Cette année, le championnat du monde de course de montagne avait lieu à l’autre bout du monde, dans le petit coin de paradis qu’est la Patagonie! Malgré le fait que ce championnat ait lieu en plein milieu de ma préparation pour ma saison hivernale, je n’avais pas pu refuser cette opportunité offerte par la fédération belge d’athlétisme. C’est donc à quatre, Roger Igo (le coach), Charlotte de Wilde et Vincent Siringo, que nous avons fait le déplacement vers cette terre propice à la rêverie et peut-être également aux exploits sportifs…

A l’aller, notre voyage ne fut pas des plus agréables. Problèmes techniques et retards ont fait en sorte que l’on arrive sur place que le soir précédent la course, 18 heures avant le départ… Pas vraiment l’idéal pour aborder un championnat du monde. Néanmoins l’envie de bien faire est très présente et l’excitation monte progressivement.

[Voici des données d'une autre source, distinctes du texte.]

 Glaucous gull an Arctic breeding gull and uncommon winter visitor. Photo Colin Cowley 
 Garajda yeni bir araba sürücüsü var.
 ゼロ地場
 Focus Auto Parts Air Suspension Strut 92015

Au moment du départ, la météo est très capricieuse, des trombes d’eau s’abattent sur nos têtes, les sentiers du parcours deviennent des rivières ou des toboggans boueux. Peu importe, une fois le dossard épinglé rien ne peut m’arrêter. Placé en dernière ligne sur la ligne de départ, les premières minutes de courses sont difficiles, le parcours devient rapidement étroit et il me faut sans cesse changer de rythme pour dépasser un concurrent. Petit à petit, je remonte la file de coureurs, les jambes répondent très bien, je parviens à être explosif dans tous les changements de rythme.

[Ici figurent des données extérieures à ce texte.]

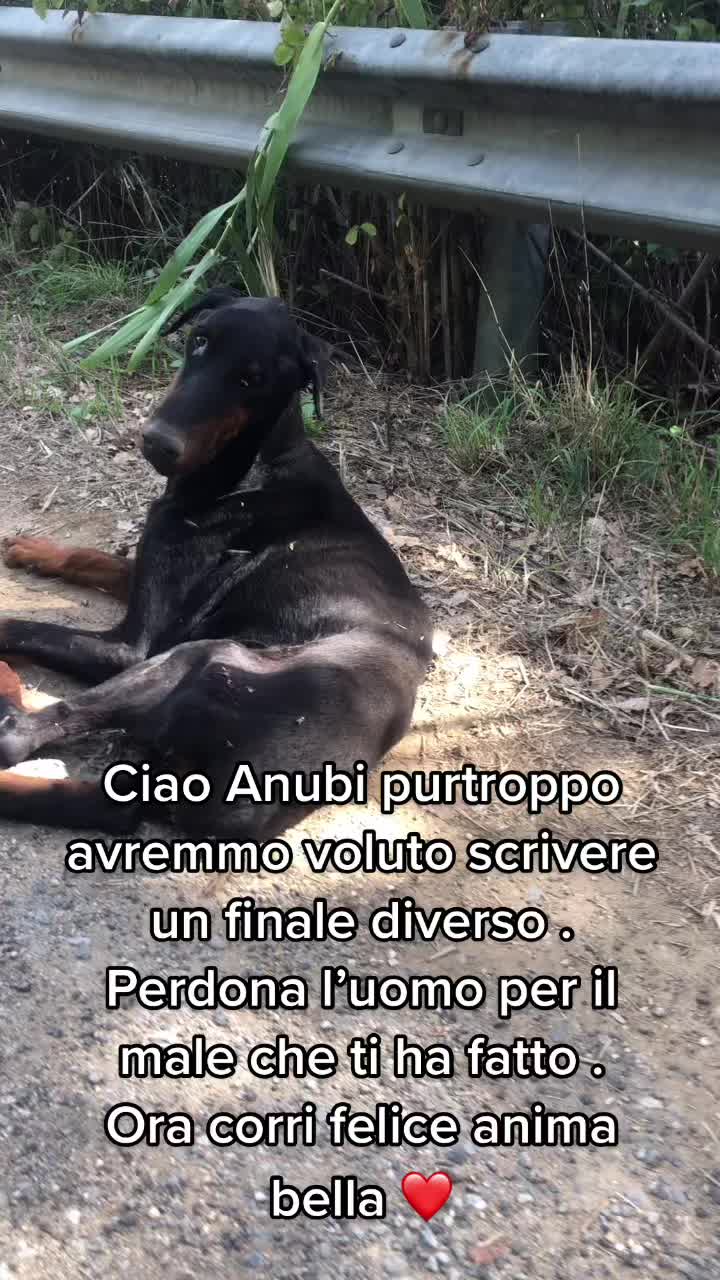 @Marika Falbo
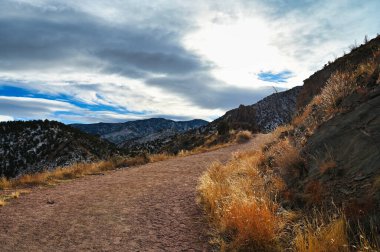 Altından parlayan otlarla kaplı dolambaçlı bir dağ yolu..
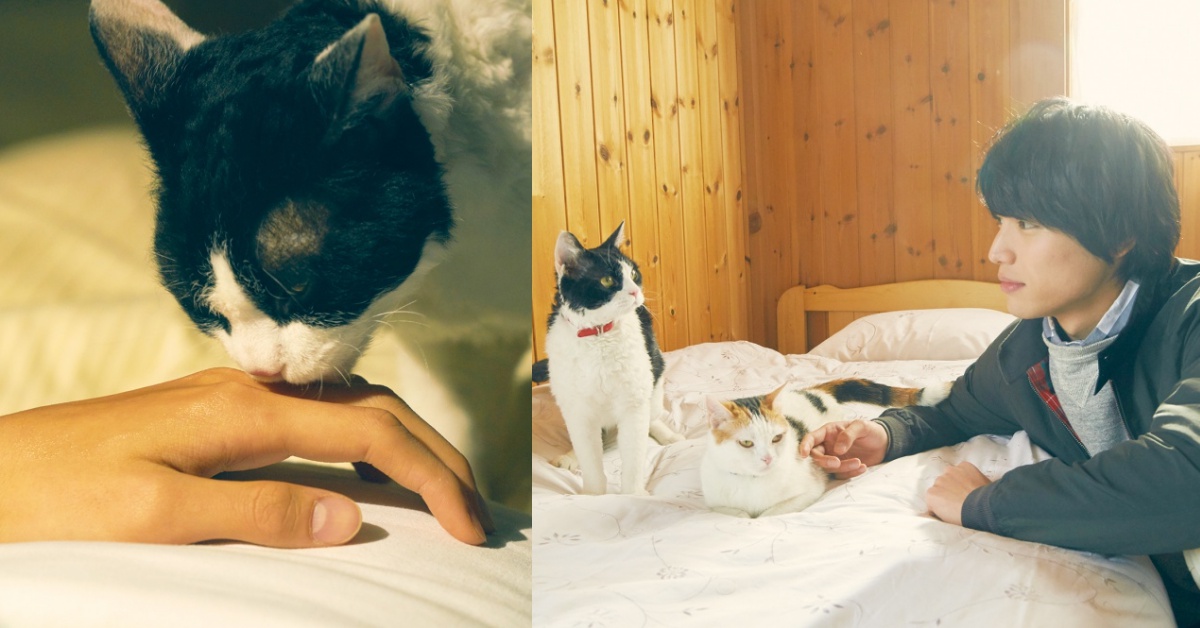 這不是離開～是我們下一次相逢的開始！你我的邂逅已烙印在彼此心中！ 旅貓日記、電影、福士蒼汰、日本、感人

Au moment d’aborder la descente, j’aperçois quelques coureurs qui doivent compter environ 30 secondes d’avance sur moi. Sur ce terrain glissant, la descente s’annonce fun! Je parviens à revenir sur plusieurs coureurs, parmi eux Xavier Chevrier (Champion d’Europe 2017) et Julien Rancon (Champion d’Europe par équipe 2017). Je comprends alors que je suis en train de faire une très belle course et qu’il ne doit pas y avoir beaucoup de coureurs devant moi! Je poursuis mon effort, l’arrivée ne doit plus être loin. Néanmoins, les deux derniers kilomètres seront plus compliqués et je perds quelques places. Mais le résultat final est incroyable! Je termine 13e!! Pour rappel, l’année précédente j’étais 45e… Quel moment intense!

Les heures suivants la course et le lendemain j’ai vraiment voulu profiter un maximum de cet endroit, quoi de mieux que de le faire en courant… Mes jambes s’en souviendront longtemps!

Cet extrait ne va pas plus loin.